Nushka : “Il y a aussi quelque chose de plus contemporain dans mon travail”
Nushka, de son vrai nom Fanny Moreaux, travaille la peinture à l’huile comme jamais elle n’a encore été expérimentée. Rencontre avec une artiste complète et un travail rempli d’émotion.
Pouvez-vous décrire votre travail pour ceux qui ne vous connaissent pas encore ?
C’est de la peinture figurative, à l’huile, qui s’appuie sur une technique post-impressionniste très axée sur la couleur. Les sujets qui sont pour moi secondaires dans la construction d’un tableau visent toujours à décrire un univers qui est le mien, de manière à ce que leur ensemble constitue une sorte de portrait de mon imaginaire. Il y a aussi quelque chose de plus contemporain dans mon travail, de l’ordre de la violence ou de la déconstruction. Mon geste est toujours très rapide, parfois brutal et économique, ce qui contraste avec la douceur de l’ensemble.
Comment avez-vous commencé la peinture ?
À l’adolescence, j’ai eu la chance de rencontrer une peintre géniale, Maggie Siner, qui m’a donné l’impulsion. Elle m’a enseigné tout ce que je sais et continue de m’inspirer, même si je tente de ne pas faire “que” marcher dans son ombre.
Comment faites-vous pour choisir les sujets de vos nouveaux tableaux ?
Je fonctionne par série ou projet autour d’un thème, d’une idée, d’un concept. Je peins d’après photo et fais des séances photos avec ma modèle. Ensuite, je peins d’après photo à l’atelier.
Dans vos peintures, il n’y pas de visages nets. Est-ce une volonté de votre part ?

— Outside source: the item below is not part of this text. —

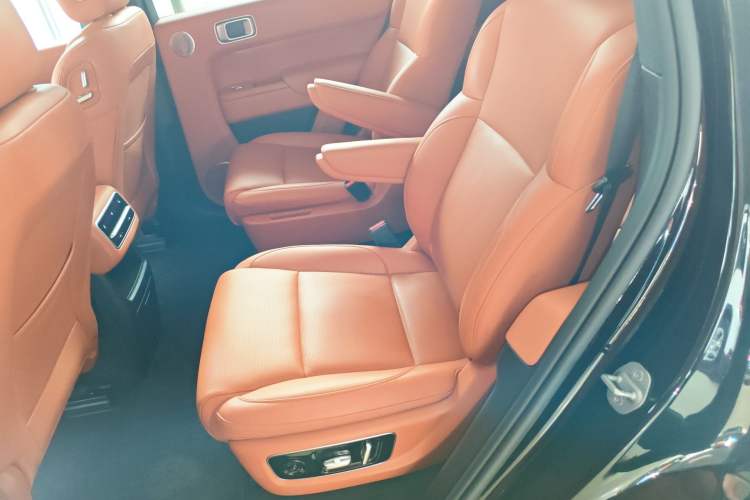 Used Li Auto L8 2024 Pro Model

Je peins les visages à la même échelle que le reste du tableau. Architecture d’une maison ou squelette d’un visage, même combat. Il y a donc moins de détails mais l’ossature est toujours présente de sorte qu’on lit le visage et ses expressions, même si les items (yeux, nez, bouche) ne sont pas présents. Quand on croise une personne, nos yeux se portent systématiquement vers le regard, c’est social, on ne peut pas s’en empêcher. En enlevant les détails du visage, je vise à imposer un sens de lecture du tableau qui est celui que je désire et non celui dicté par un réflexe humain.

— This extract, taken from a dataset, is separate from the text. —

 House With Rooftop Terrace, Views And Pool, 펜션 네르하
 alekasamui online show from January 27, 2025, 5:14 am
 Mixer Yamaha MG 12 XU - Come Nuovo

Vous aimez travailler le corps féminin. Pourquoi retrouve-t-on peu de personnages masculins dans vos œuvres ?
J’aime vraiment le corps des femmes. Vêtu ou nu, il est chargé de sens, de symboles, de codes, d’interdits, de diktats, de messages… C’est fabuleux. La façon dont une femme bouge un bras ou avance un pied est toujours très personnelle mais aussi très sociale, marquée par une époque, une façon de se mouvoir. Je trouve que le corps des femmes accueille avec beaucoup de grâce et d’élégance cette quantité de significations. J’aime jouer avec ça. Le corps féminin est aussi celui que je connais le mieux. Par moi, bien sûr mais également par ma modèle, Chloé, qui est un peu mon double fantasmé. Je projette beaucoup de mes attitudes sur son corps. Sans doute est-ce un peu narcissique aussi. Et je suis beaucoup moins objective quand il s’agit du corps des hommes.
Vos œuvres sont chargées de sensibilité. Comment faites-vous pour créer ces sensations ?
Je crois que si vous trouvez mes œuvres sensibles c’est que vous partagez ma sensibilité. Je ne sais pas comment je fais, si ce n’est que je m’applique à cacher le travail pour qu’on accède facilement au sens, au sensible.
Sur quoi travaillez-vous en ce moment ? Qu’est-ce qui vous inspire à l’heure actuelle ?
Je finis une série sur l’été, qui aurait du être exposée à la fin du mois. Dans cette série, je suis à la recherche de ce qui provoque cette sensation si douce et enveloppante de l’été. Le soleil qui crame la roche, l’éclat de rire dans les vagues, le sable chaud dans les doigts de pieds, un rayon de soleil qui traverse un chemisier. Quelles sont les couleurs qui provoquent ces sensations ? C’est un projet d’exposition mais avant tout une recherche très abstraite.
Avez-vous des envies particulières, des projets pour le futur ?
Je rêve d’abstraction. C’est un processus qui est extrêmement lent et j’ai la sensation très forte qu’il faut une maîtrise absolue de la figuration pour y tendre.